> **Your task**: From the first line below to the last, reproduce the material exactly and leave out the images.

> **Raw data**:
▶

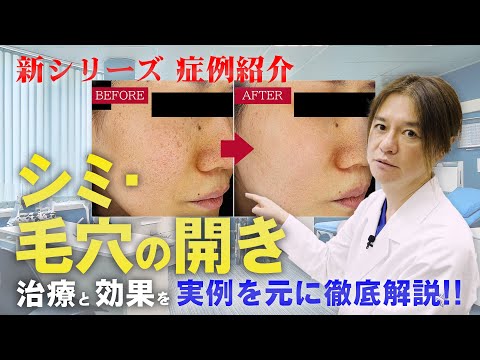 【新シリーズ】実際の症例をもとにシミ・毛穴の開きの治療について徹底解説！レーザーフェイシャル！POTENZA(ポテンツァ)！その効果は！？【症例紹介】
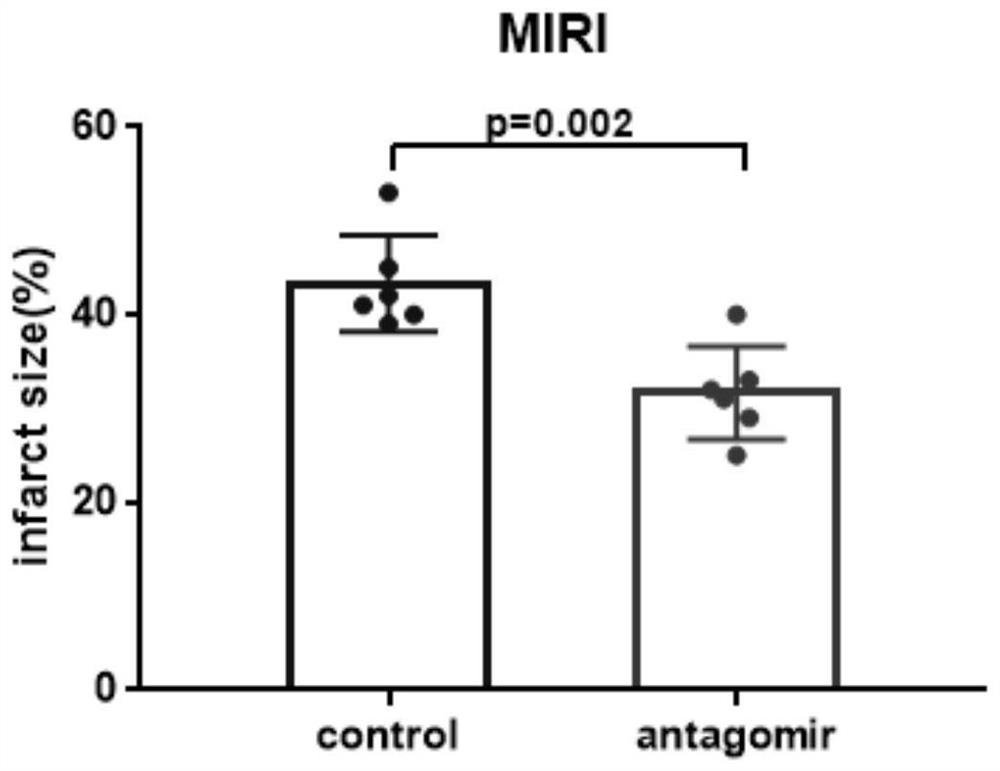 Application of miR-208a-3p antisense nucleic acid in treatment of myocardial ischemia reperfusion injury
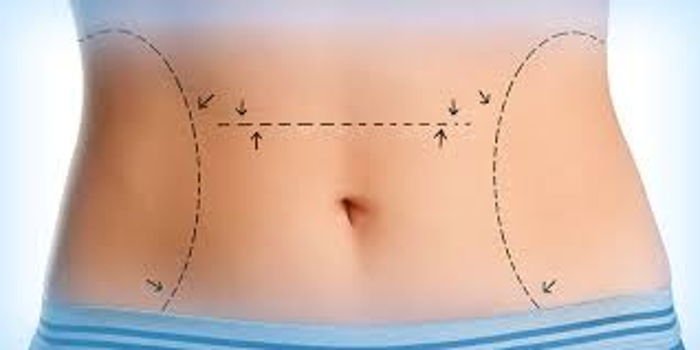 tummy tuck surgeries 2 tummy tuck surgeries pIFbu68H |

◀

> **The completed task**:
 【新シリーズ】実際の症例をもとにシミ・毛穴の開きの治療について徹底解説！レーザーフェイシャル！POTENZA(ポテンツァ)！その効果は！？【症例紹介】
 Application of miR-208a-3p antisense nucleic acid in treatment of myocardial ischemia reperfusion injury
 tummy tuck surgeries 2 tummy tuck surgeries pIFbu68H |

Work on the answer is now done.